Organized Chaos Behind the Scenes in the Middle East
“This is the most exciting story I’ve ever covered in my life,” gushed veteran journalist Charles Sennott. “I’ve been a reporter for 25 years. I’ve covered the Middle East for more than 15 of those years. It was just so thrilling, so breathtaking, so unpredictable, and really a journey for the whole country of Egypt but also for those correspondents who’ve covered the Middle East for a long time.”
Sennott’s breathless reporting from Cairo’s Tahrir Square for GlobalPost, NPR, and PBS Frontline was not unique in its giddy enthusiasm for the “people power” revolutions sweeping Egypt, Tunisia, Libya, and much of the Middle East.
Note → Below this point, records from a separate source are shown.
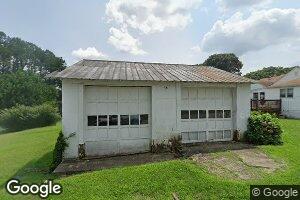 11 Lynn St, Chatham, VA 24531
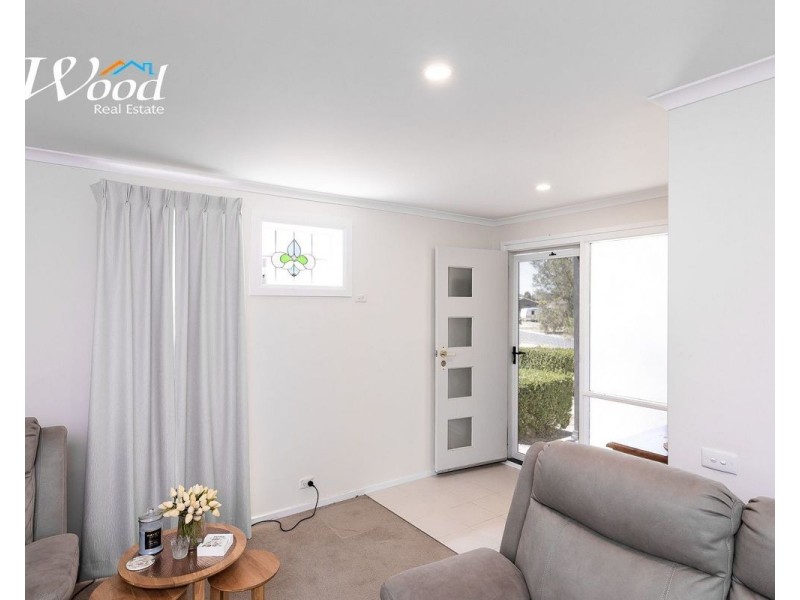 65 Cardo Dr,, Springdale Heights NSW 2641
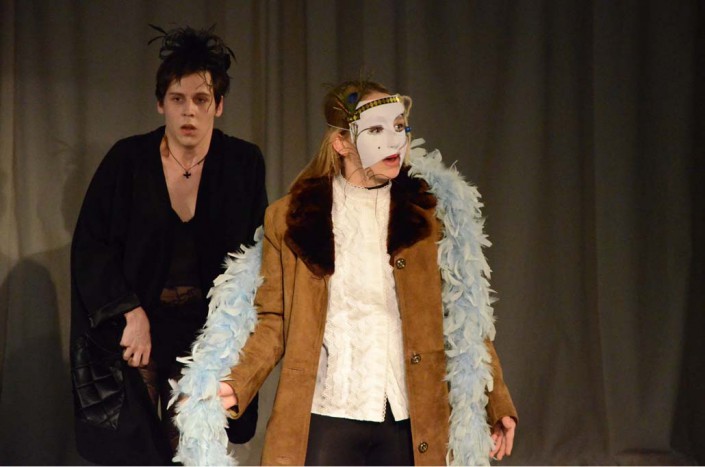 BaRockMe-IFANT-Theaterpaedagogik-Ausbildung-G7-15
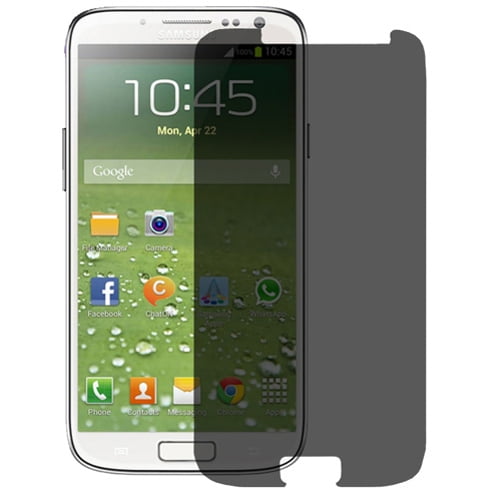 samsung galaxy s4 spy phone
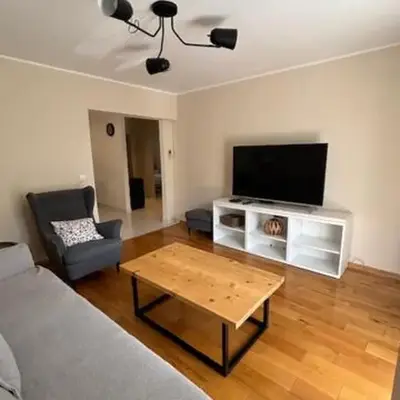Apartments Antonia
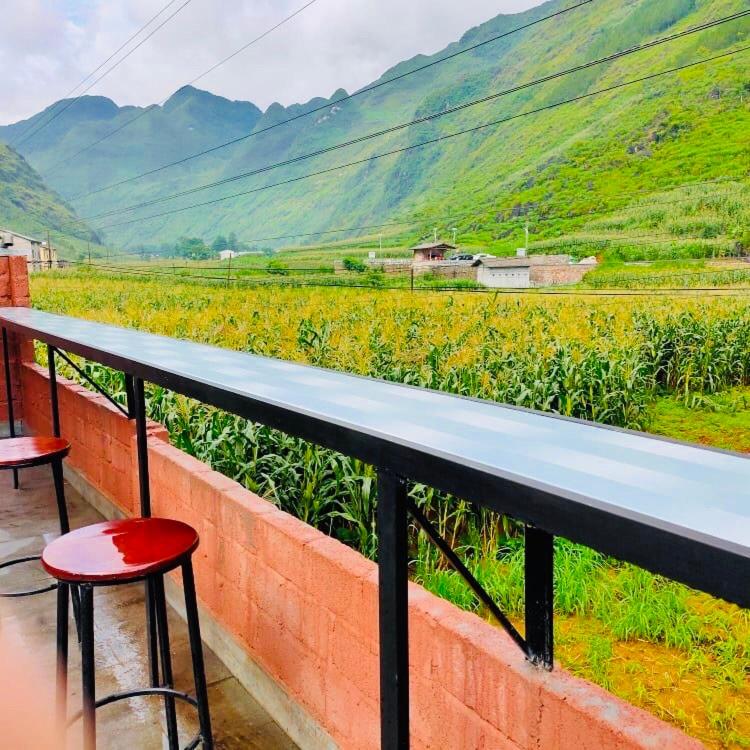 Little Yen's Homestay - 4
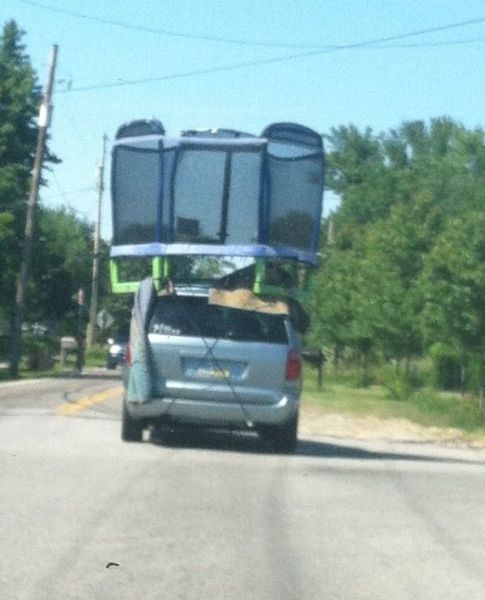 morning picdump 55 pics 3.html - 55 HD Photos | Premium Gallery 2013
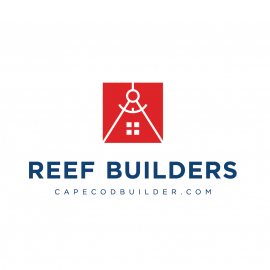 reef logo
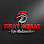 FIRAT İNŞAAT YAPI MALZEMELERİ logosu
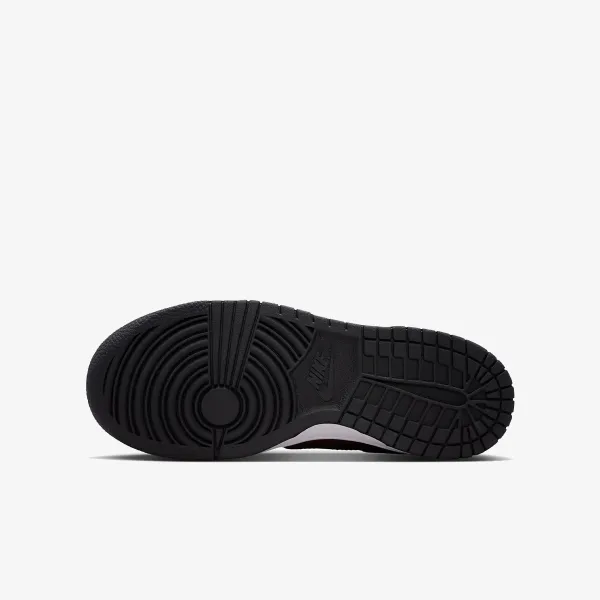 Nike NIKE DUNK LOW GS PRF 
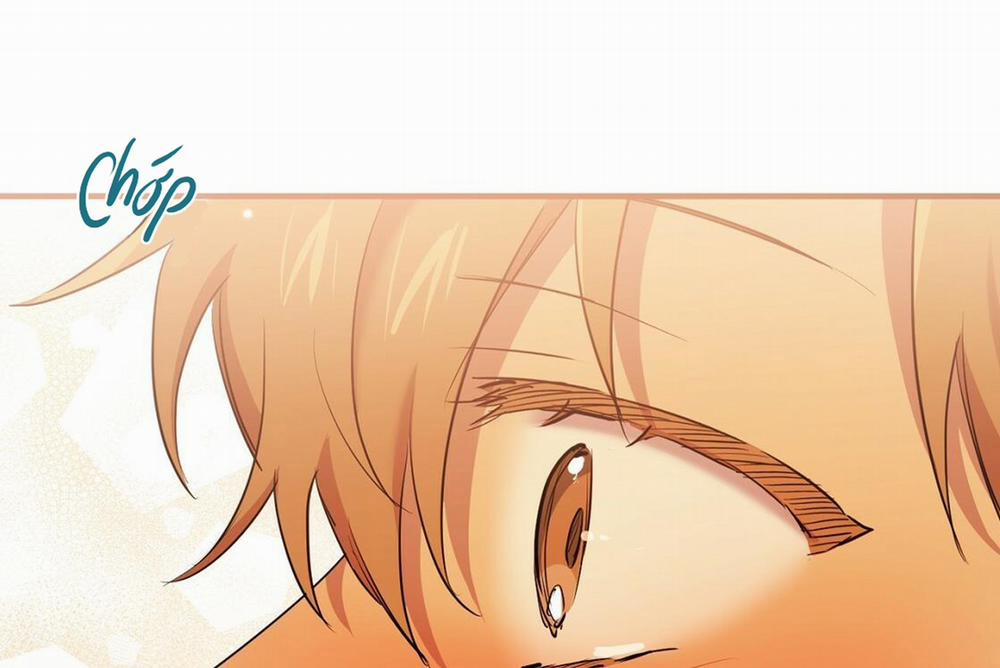 Những Chú Thỏ Của Hapypy 24 trang 93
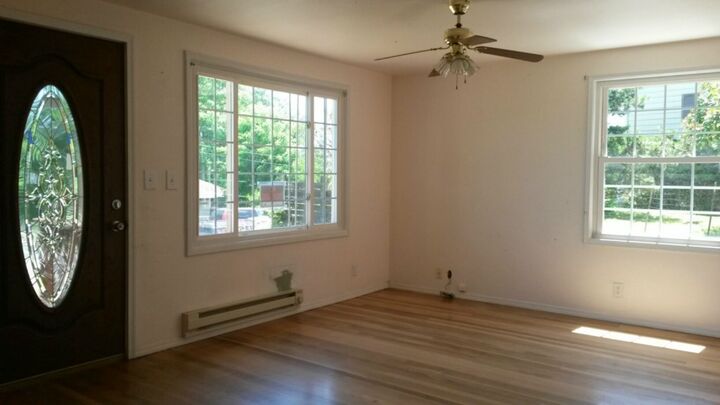 Property Photo: 12053 70th Ave S WA 98178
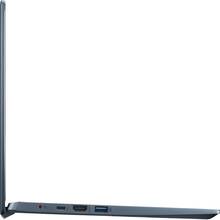Ноутбук ACER Swift 3 SF314-511 Steam Blue (NX.ACWEU.00C)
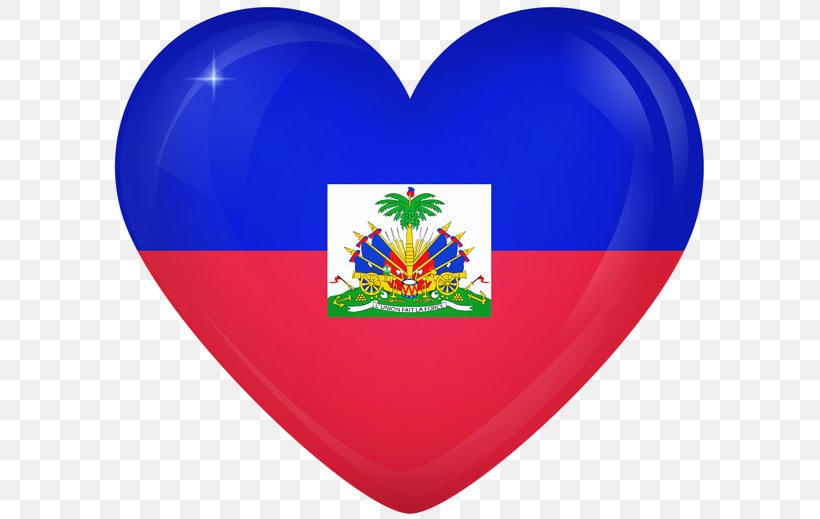 Flag Of Haiti National Flag Flag Of Laos, PNG, 600x519px, Haiti, Flag, Flag Of China, Flag Of Haiti, Flag Of Laos Download Free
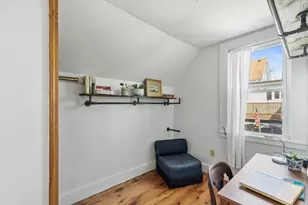 8 1/2 Myrtle Square, Gloucester, MA 01930 - Photo 14
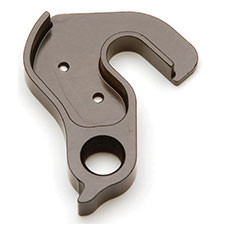 Wheels Manufacturing Dropout-13 (Specialized)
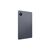 Планшет Doogee U11 11" 4/128GB Wi-Fi Grey (6923740240120), изображение 5 Планшет Doogee U11 11" 4/128GB Wi-Fi Grey (6923740240120), изображение 5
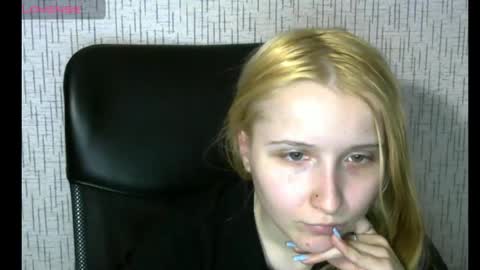 Snapshot of amanda_sherr chatting on December 21, 1:04 am Amanda online show from December 21, 1:04 am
Indeed, his participatory excitement is a common narrative core running through most of the broadcast, print, and online news coverage of the still-developing turmoil in that ancient cauldron of political intrigue.
The decades-old autocracies of Hosni Mubarak in Egypt and Zine El Abidine Ben Ali in Tunisia have already been toppled, and as we go to press, the tyrannical regime of Libya’s terror-sponsoring dictator Moammar Ghadafi is on the ropes. And the fires of revolt are igniting or fully blazing in Oman, Bahrain, Yemen, and Morocco.